Now that most of the provisions of the recent Solicitors Regulation Authority consultation on professional indemnity insurance have been deferred for further consideration – the possible exception being the headline-grabbing reduction in the compulsory limit (awaiting a decision on introduction by the Legal Services Board at the time of writing) – it is time to tackle your 2014 PII renewal, if indeed you have not already started.

The usual insurance principle that ‘the losses of the few rest on the shoulders of the many’ applies here, but all too often the losses have approached or exceeded the premiums paid by the many.

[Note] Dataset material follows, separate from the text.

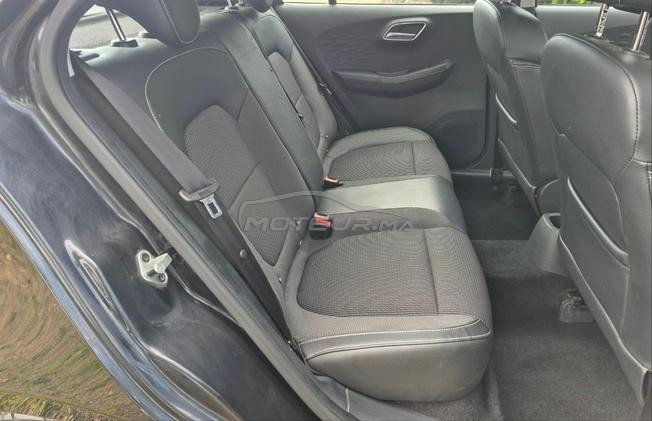 MG MG3 Essence Automatique 2023 à Tanger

The result has been that insurance capacity has been squeezed, with several blue chip insurers leaving the market in recent years to be replaced, at least in part, by obscure unrated markets whose often lower premiums have proved to be unsustainable (despite allowing many, generally smaller, practices their only affordable solution).

Fortunately, there are ways of maximising a law firm’s attractiveness to its own and other insurers.

The open market has been in existence since 2000, making this the fifteenth purchasing season (notwithstanding the ability to change renewal date, introduced last year). The overarching message of this article is to make yourselves as insurable as you can by spending as much time as necessary on showing exactly why insurers should want to be your partner. The advice that follows should be helpful in achieving this.

Start early

  • It is far more likely that leaving your PII renewal until the 11th hour will cause problems, rather than procure you a lower premium. Your future may depend on finding an insurance deal, so do not leave it to chance.
  • Decide how you want to shape your renewal campaign. Get an idea of the lie of the land from your broker. And if you are not sure, get a second opinion. Multiple approaches to the same insurer can result in disappointment, so consider establishing briefs with any brokers used.
  • Dig out and review the 2013 form. Many of the answers can simply be updated, and you probably have a good idea by now what the form will ask, so you can start compiling some of the answers.
  • The proposal form should not include any surprises. Any major changes since the previous form should simply reflect what the insurer knows anyway from your engagement throughout the year with your broker. If possible, you should have met your insurer away from renewal time.
  • You know how much you paid last year – there is no reason why you should not start looking into how you can fund the 2014 premium before the exact cost is known. If your chosen insurer requires cleared funds before the renewal date, you can fall at the final hurdle by failing to meet this criterion.

Take care

  • Make the form legible – you are competing with many other law firms for an underwriter’s attention. Complete the form in draft and, when you are happy with it, either complete it electronically or get the person in the practice with the best handwriting to complete a fair copy. Use capital letters, not cursive script – even if it is copperplate.
  • Ensure that the numbers add up.  The underwriters do not mind if you round off your income split between activities to whole numbers or calculate it to three decimal places – just as long as it adds up to 100%.
  • Claims record(s) from previous insurers should be attached to the form, including any prior practices. The number of years you need to go back varies from one insurer to another. We try to limit it to five years because many firms have changed considerably over that time and older claims do not necessarily reflect recent working practices.
  • Please make sure that any supplementary information is included in an order that can be easily assimilated. Number the pages by hand if it might help an underwriter to follow a story.

Be your own best advocate

  • If your claims record shows significant closed claims, or any open claims with reserves above your excess, offer an explanation within your supplementary information – a few lines on the circumstances, your thoughts on liability in respect of open matters and any other points where you feel that the hard facts on the claims prints do not truly reflect actuality.
  • Importantly, if you have been able to learn from claims, close loopholes, tighten procedures, take up accreditations, introduce new systems or in any other way alleviate the chance of recurrence – please make this very clear in your submission. Underwriters will look for this if your claims record is less than stellar.
  • We also like to have a letter from you concisely setting out features about your firm that do not emerge from the answers on the proposal form. Your history and culture, where you find your clients, partners’ specialities, how you market yourselves, how you measure success, your short- and medium-term plans and aspirations, how you interact with your local community – all this can help an underwriter in a face-to-face brokering negotiation to appreciate the good points of a firm and can lead to a reduction in their ‘technical price’.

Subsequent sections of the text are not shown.